▸ **WORK TO COMPLETE**
The lines from the one containing "أبطال الليزر" through the final line of the listing below are what the answer must repeat, exactly and only, leaving pictures out.

▸ **RECORDS**
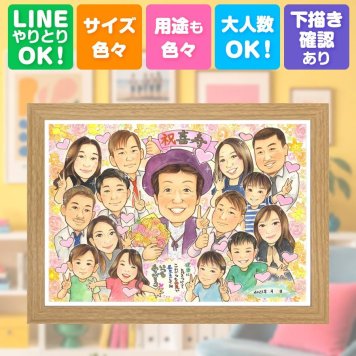 誕生日の贈り物に、笑顔になれる似顔絵を贈ってみませんか。 喜寿祝い ギフト 似顔絵 贈り物 名入れ 手描き プレゼント 誕生日 敬老の日 お祝い 長寿 記念日 大人数 祖父母 ご両親 家族 名入れ 下書き確認 修正無料 かわいい サプライズ 似てる 親孝行 宝物 傘寿 喜寿祝い 77歳 百寿祝い 応援 結婚祝い 喜ばれる お祝い返し 還暦祝い 初任給 披露宴 イラスト 卒寿祝い ハロウィン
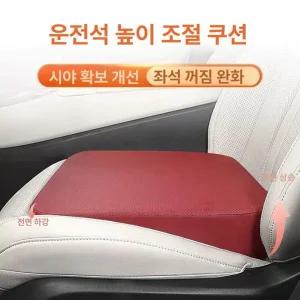 차량용 키높이 방석 경사패드 엉덩이 허리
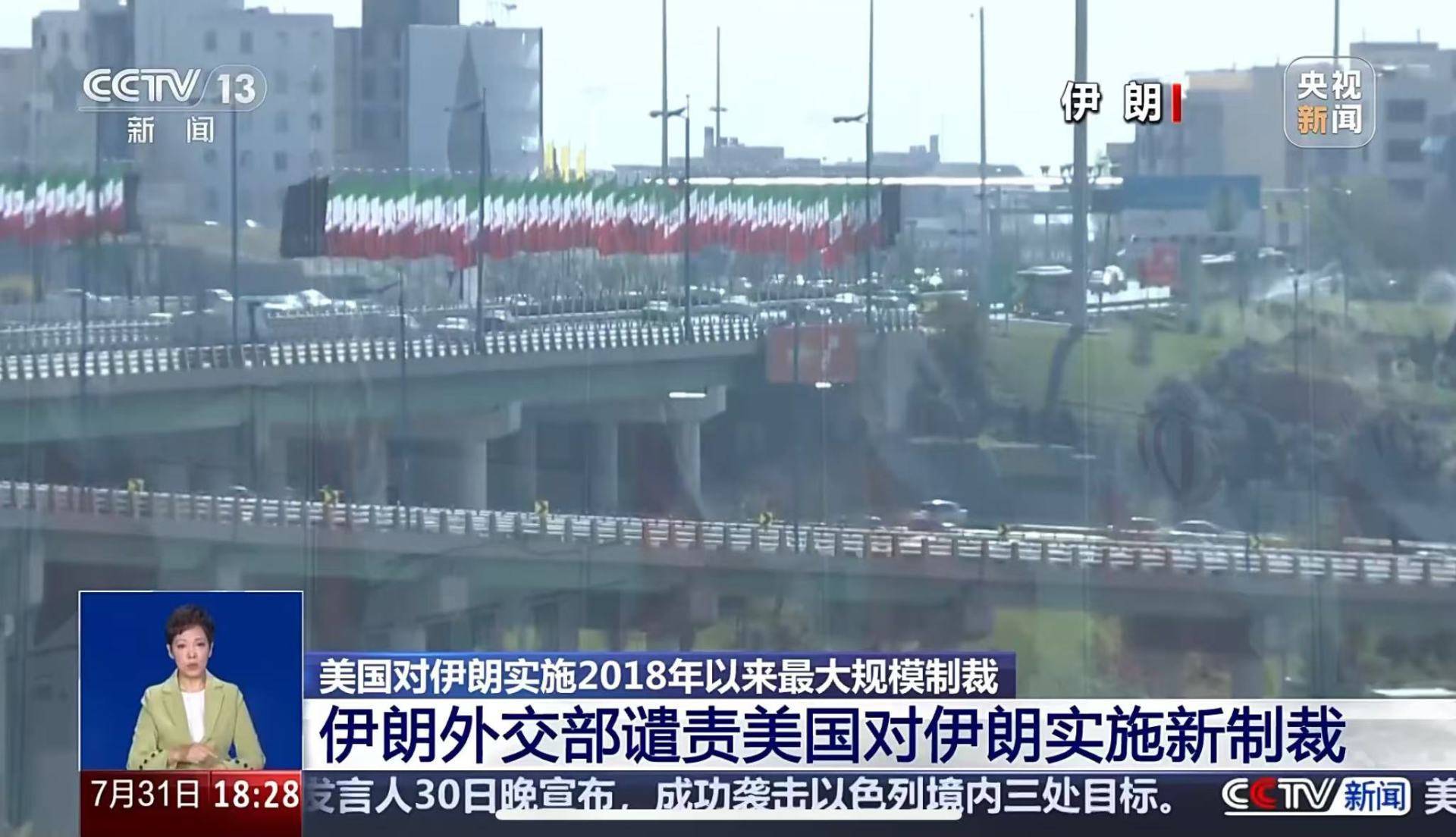 怎么开皇冠信用平台_伊朗强硬表态：必须先赔偿！被美国实施7年来最大规模制裁怎么开皇冠信用平台，伊朗回应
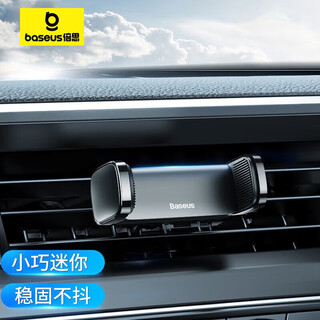 Baseus car mobile phone holder car navigation holder air conditioning outlet multi-function mini holder rotation angle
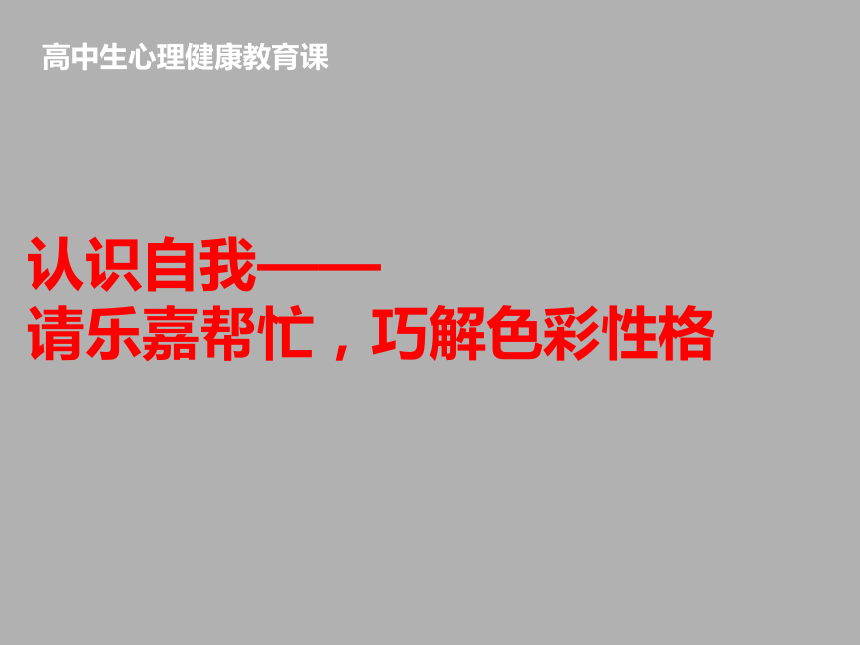 通用版高一心理健康 正视自我，开心生活 课件（18ppt）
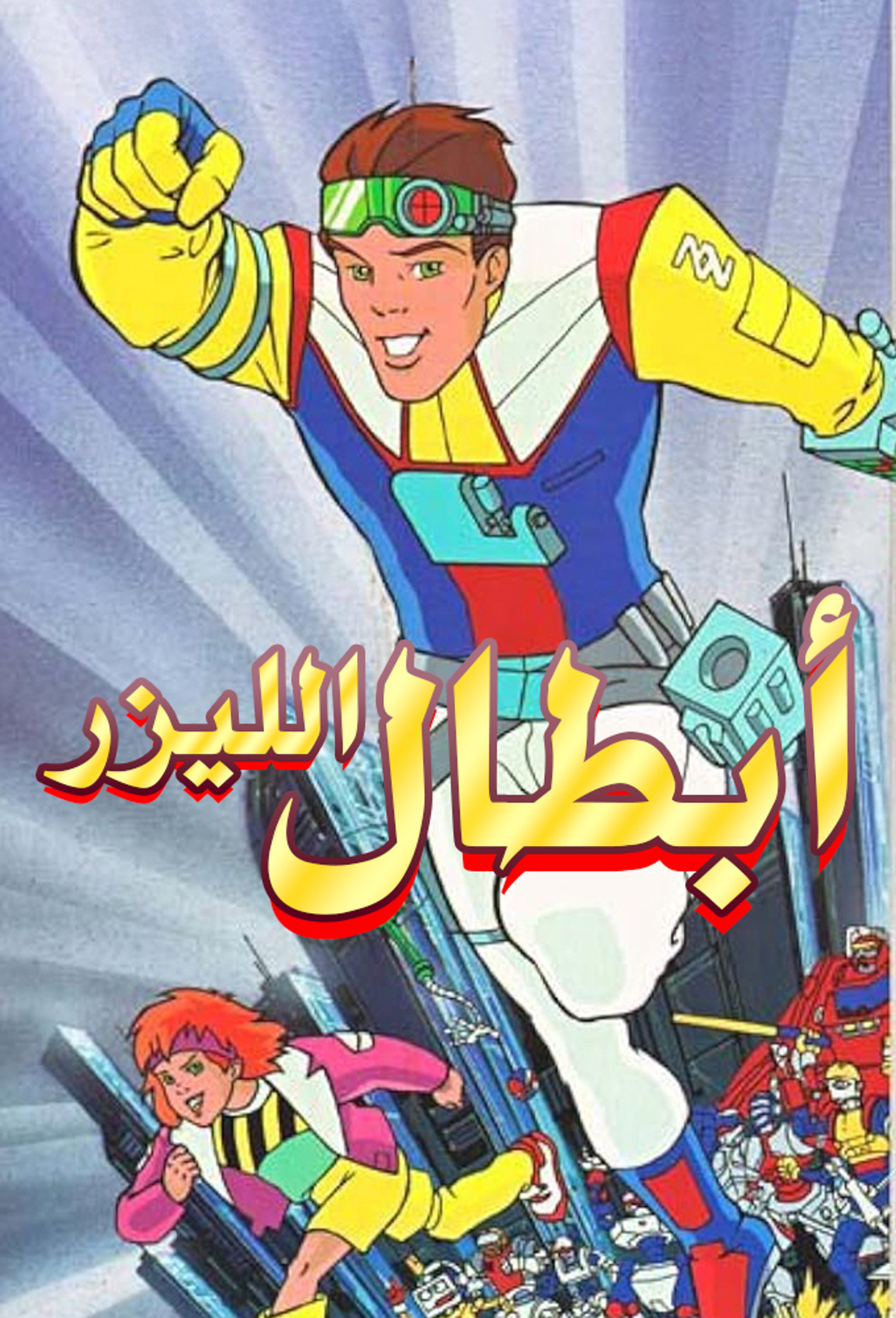 أبطال الليزر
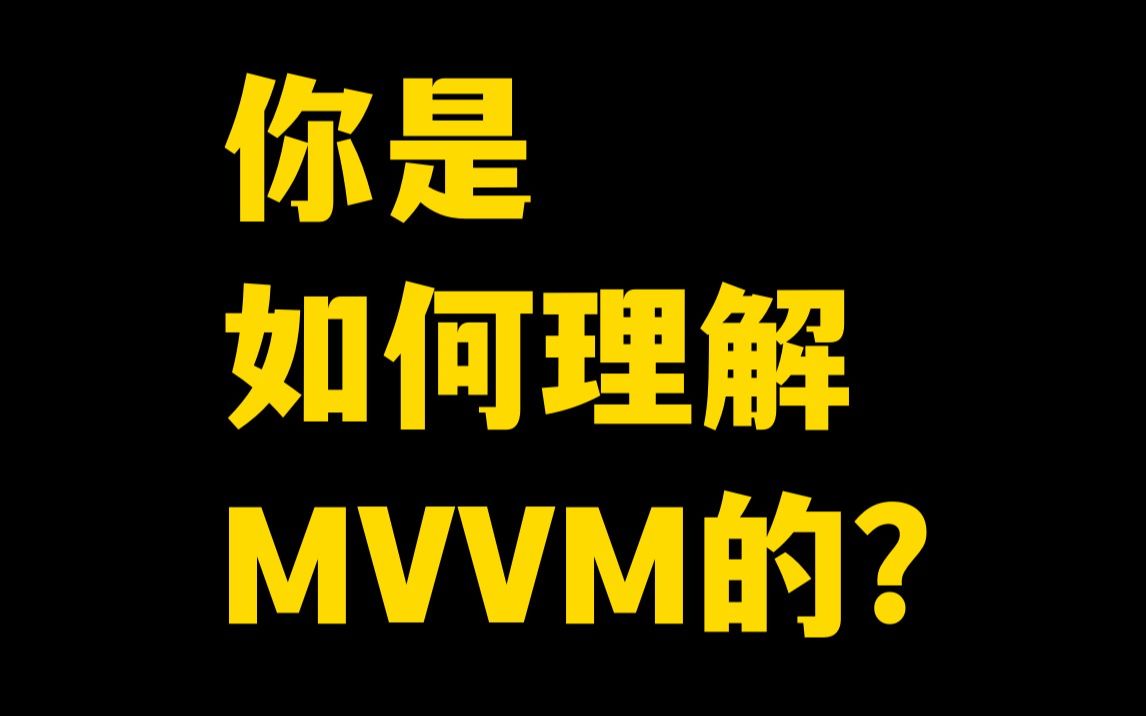 面试官问:你是如何理解MVVM?该怎么回答?哔哩哔哩bilibili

▸ **RESULT OF THIS TASK**
 أبطال الليزر
 面试官问:你是如何理解MVVM?该怎么回答?哔哩哔哩bilibili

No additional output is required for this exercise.